[llvm] [AArch64] Fix SVE callee-save layout for nounwind functions on Windows (PR #156467)
Sander de Smalen via llvm-commits
llvm-commits at lists.llvm.org
Tue Sep 2 07:50:26 PDT 2025
https://github.com/sdesmalen-arm created https://github.com/llvm/llvm-project/pull/156467
Without this change, functions with 'nounwind' don't compile (correctly), because the frame-lowering code makes the assumption that CFI is available when the function has SVE callee-saves.

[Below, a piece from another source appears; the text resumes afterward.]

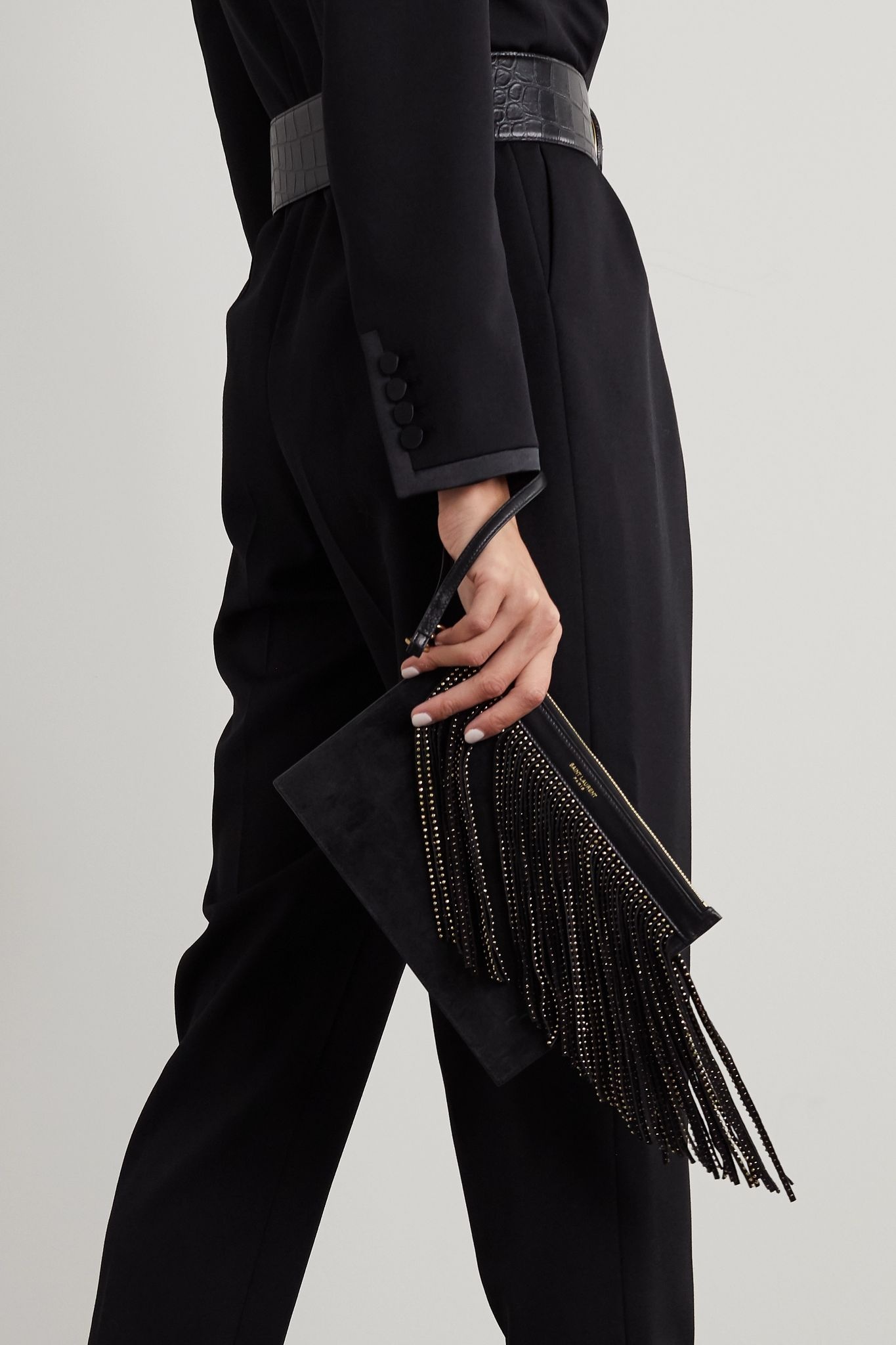 Studded fringed leather and suede pouch - 2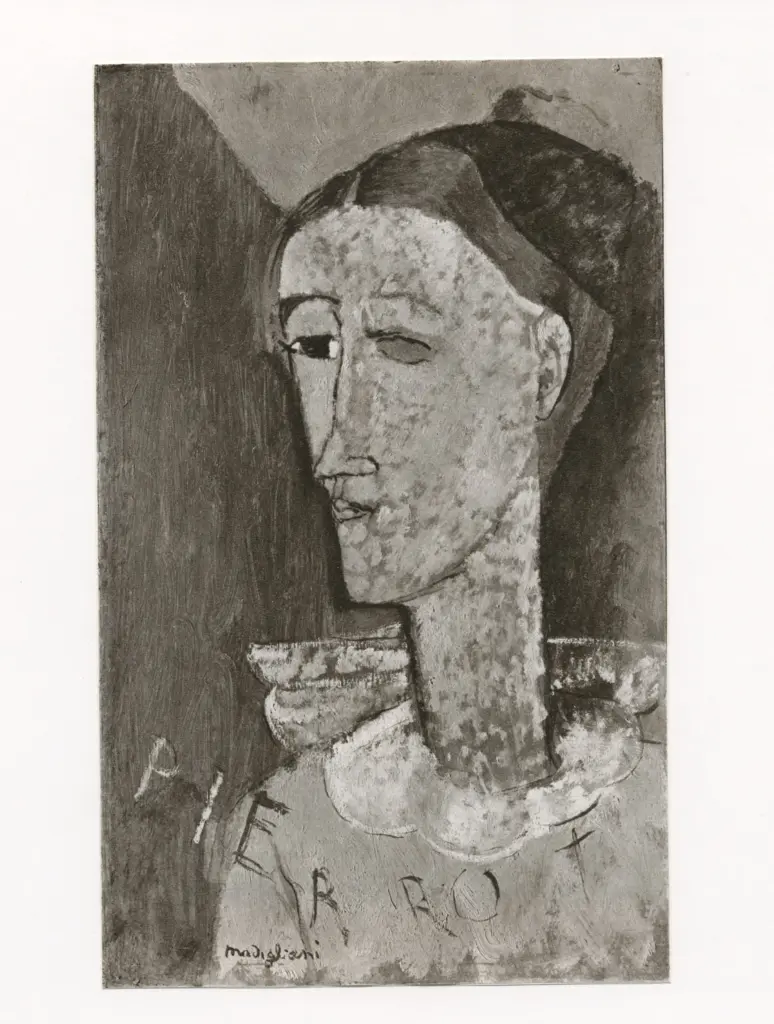 Anonimo , Modigliani, Amedeo - sec. XX - Selbstbildnis als Pierrot , fronte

>From b7e820eaa72a94ec496f17758a72da7bfd489b4c Mon Sep 17 00:00:00 2001
From: Sander de Smalen <sander.desmalen at arm.com>
Date: Tue, 2 Sep 2025 14:17:52 +0000
Subject: [PATCH] [AArch64] Fix SVE callee-save layout for nounwind functions
on Windows
Without this change, functions with 'nounwind' don't compile (correctly),
because the frame-lowering code makes the assumption that CFI is available
when the function has SVE callee-saves.
---
.../Target/AArch64/AArch64FrameLowering.cpp | 53 ++++++++++---------
.../CodeGen/AArch64/framelayout-sve-win.mir | 27 ++++++++++
2 files changed, 54 insertions(+), 26 deletions(-)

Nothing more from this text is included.